Benicia resident Kathy Kerridge speaks out at a Benicians for Clean Elections rally in 2022. Benicians for Clean Elections was founded to daylight special-interest overspending by a Valero-funded PAC in Benicia elections. | Constance Beutel.

Then there’s Valero’s spending many hundreds of thousands of dollars on political action committees (PACs) during several recent election cycles to advance its interests, often through misleading ads that boosted Mr. Largaespada as recently as 2022 during his unsuccessful campaign or that trashed other candidates in mean and misleading ways. While he has commendably disassociated himself from such tactics, we should not be blind to the fact that Valero has decided who is most likely to butter its bread.

Against this backdrop, it’s additionally disappointing that the one ISO-related matter Mr. Largaespada chose to highlight in his September 25 letter to the Herald’s Forum page is the comments on the draft ISO by the Certified Unified Program Agency (CUPA). If you haven’t heard of this county agency, which is supposed to help protect us against hazardous materials, there’s a reason: It’s proven rather toothless, at least when it comes to Valero.

Yet rather than seeking to partner with Benicia in advancing public safety and health, CUPA’s comments fret about overlap. That’s unfortunate. Mr. Largaespada’s focus on that rather than Valero’s questionable track record, the benefits of an ISO or the support of the Air District and many other authorities for an ISO is equally regrettable.

So what can concerned Benicians do?

 

Contact the current City Council members to voice support for a strong ISO and for a vote to take place on it before the November 5 election. Though the Council unanimously backed this in principle nearly a year ago, the process has dragged for so long that getting a vote done by that date is now in doubt.

Similarly contact all Council candidates to ask that they all support a strong ISO and its effective implementation, and that they declare that support before the election. They know enough about what the ISO will entail to get them to commit to it. Benicians have a right to know where they stand.

Be on the lookout for yet more massive, misleading PAC spending by Valero, once again designed to pollute our politics, through mailings and other advertisements that mask its support for Mr. Largaespada and other allies or that trash their opponents . Past Valero-funded PACs have used such names as “Progress for Benicia” and “Working Families for a Strong Benicia.” Hopefully, Valero has learned its lesson and will refrain from repeating its misleading efforts. But if not, look for such ads’ small print, which will reveal their funding.

Finally, for more information about the ISO or to support the effort to get it adopted, please go to the private, citizen-organized site for Benicia Industrial Safety and Health Ordinance. You can also go to the City’s useful site, Engage Benicia, though be aware that comments there are now closed. 

For more on Valero’s political track record in Benicia, please go to the Benicians for Clean Elections site.

Once again, I respect Valero’s fine employees and Mr. Largaespada. Hopefully, Valero can adopt a constructive rather than combative attitude toward Benicia’s simply seeking to better protect our safety and health via the ISO, and for the first time in years stay out of our elections. But our recent history with this Texas-based multinational – as well as the experience of other communities across the country with it – teaches us too many lessons about the tiger not changing its stripes.

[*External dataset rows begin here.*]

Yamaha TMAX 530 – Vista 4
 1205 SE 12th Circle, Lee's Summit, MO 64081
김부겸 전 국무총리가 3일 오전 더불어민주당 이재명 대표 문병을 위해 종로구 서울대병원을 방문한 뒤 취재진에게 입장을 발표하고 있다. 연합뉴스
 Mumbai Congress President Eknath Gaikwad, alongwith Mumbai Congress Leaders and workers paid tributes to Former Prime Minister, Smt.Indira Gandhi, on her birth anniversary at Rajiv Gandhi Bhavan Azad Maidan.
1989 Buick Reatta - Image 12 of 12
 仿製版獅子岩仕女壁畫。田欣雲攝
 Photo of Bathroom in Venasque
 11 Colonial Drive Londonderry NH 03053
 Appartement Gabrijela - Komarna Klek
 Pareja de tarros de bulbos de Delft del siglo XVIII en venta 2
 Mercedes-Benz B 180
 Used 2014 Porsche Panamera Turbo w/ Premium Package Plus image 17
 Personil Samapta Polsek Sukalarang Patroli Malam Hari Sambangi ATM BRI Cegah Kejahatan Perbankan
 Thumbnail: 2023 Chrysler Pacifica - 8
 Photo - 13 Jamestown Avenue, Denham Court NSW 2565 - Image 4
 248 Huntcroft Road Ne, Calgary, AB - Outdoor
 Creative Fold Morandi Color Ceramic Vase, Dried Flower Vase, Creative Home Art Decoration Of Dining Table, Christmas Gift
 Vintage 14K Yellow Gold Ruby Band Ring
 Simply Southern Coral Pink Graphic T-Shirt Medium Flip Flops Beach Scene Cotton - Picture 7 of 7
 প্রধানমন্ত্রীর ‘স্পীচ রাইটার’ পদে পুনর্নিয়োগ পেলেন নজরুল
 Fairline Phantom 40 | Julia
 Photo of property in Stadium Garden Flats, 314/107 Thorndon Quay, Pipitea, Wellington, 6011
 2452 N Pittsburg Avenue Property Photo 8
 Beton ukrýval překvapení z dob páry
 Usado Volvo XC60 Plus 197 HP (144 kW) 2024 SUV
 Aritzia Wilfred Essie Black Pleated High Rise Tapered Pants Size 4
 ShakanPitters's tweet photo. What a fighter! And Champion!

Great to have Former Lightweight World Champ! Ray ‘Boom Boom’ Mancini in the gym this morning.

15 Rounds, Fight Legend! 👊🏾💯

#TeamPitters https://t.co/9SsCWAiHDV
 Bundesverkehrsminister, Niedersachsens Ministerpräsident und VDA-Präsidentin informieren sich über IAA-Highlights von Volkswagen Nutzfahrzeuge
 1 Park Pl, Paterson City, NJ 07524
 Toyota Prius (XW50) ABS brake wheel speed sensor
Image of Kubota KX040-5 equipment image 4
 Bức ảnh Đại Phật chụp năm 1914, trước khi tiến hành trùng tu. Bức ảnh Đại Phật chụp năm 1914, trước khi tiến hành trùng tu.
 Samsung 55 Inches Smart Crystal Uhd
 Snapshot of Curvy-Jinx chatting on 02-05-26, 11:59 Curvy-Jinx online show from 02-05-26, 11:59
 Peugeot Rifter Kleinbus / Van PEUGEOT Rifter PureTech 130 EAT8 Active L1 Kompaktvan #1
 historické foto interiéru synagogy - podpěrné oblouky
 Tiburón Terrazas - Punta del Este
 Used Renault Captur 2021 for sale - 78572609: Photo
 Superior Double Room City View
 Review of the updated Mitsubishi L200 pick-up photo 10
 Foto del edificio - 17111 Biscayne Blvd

There’s also broader political dimension here: Why would Texas-based Valero take a hostile stance toward the ISO when the potential next President of the United States weighed in as California Attorney General to help defeat its crude-by-rail plan and when that dispute garnered national attention? Ongoing opposition to better protecting Benicia’s safety and health has the makings of another nationally prominent issue.

But let’s just get back to the local: All that Benicia wants via this ISO is simply a seat at the table and a City Council devoted to making that seat meaningful. Hopefully, this fall’s votes will make those things happen.